-- Opening Marker --
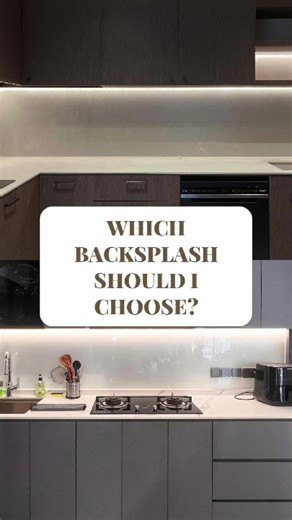 Choosing the Best Backsplash: Glass, Tiles, or Stone?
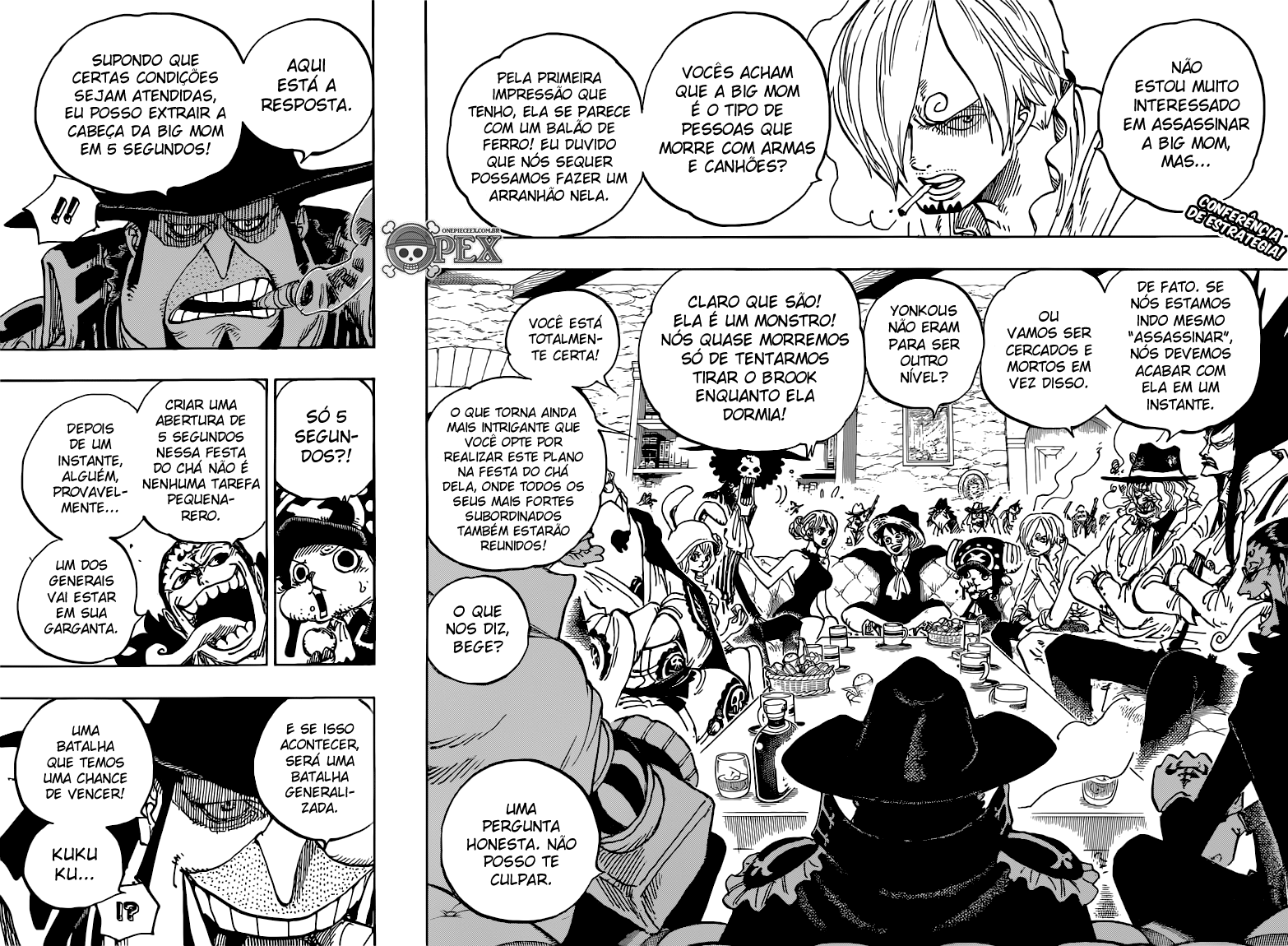 Read One Piece BR Manga Online
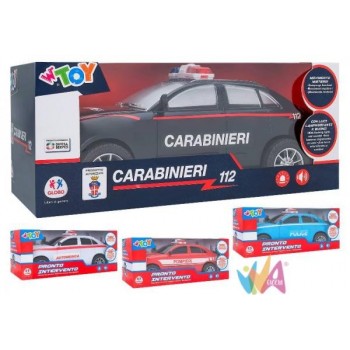 AUTO POLICE/AMB/POMP/CARAB...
-- Closing Marker --
**WORK INSTRUCTION**. From the first line of the material to the last, retype everything exactly except the images.

**ANSWER TO THIS PROBLEM**.
 Choosing the Best Backsplash: Glass, Tiles, or Stone?
 Read One Piece BR Manga Online
 AUTO POLICE/AMB/POMP/CARAB...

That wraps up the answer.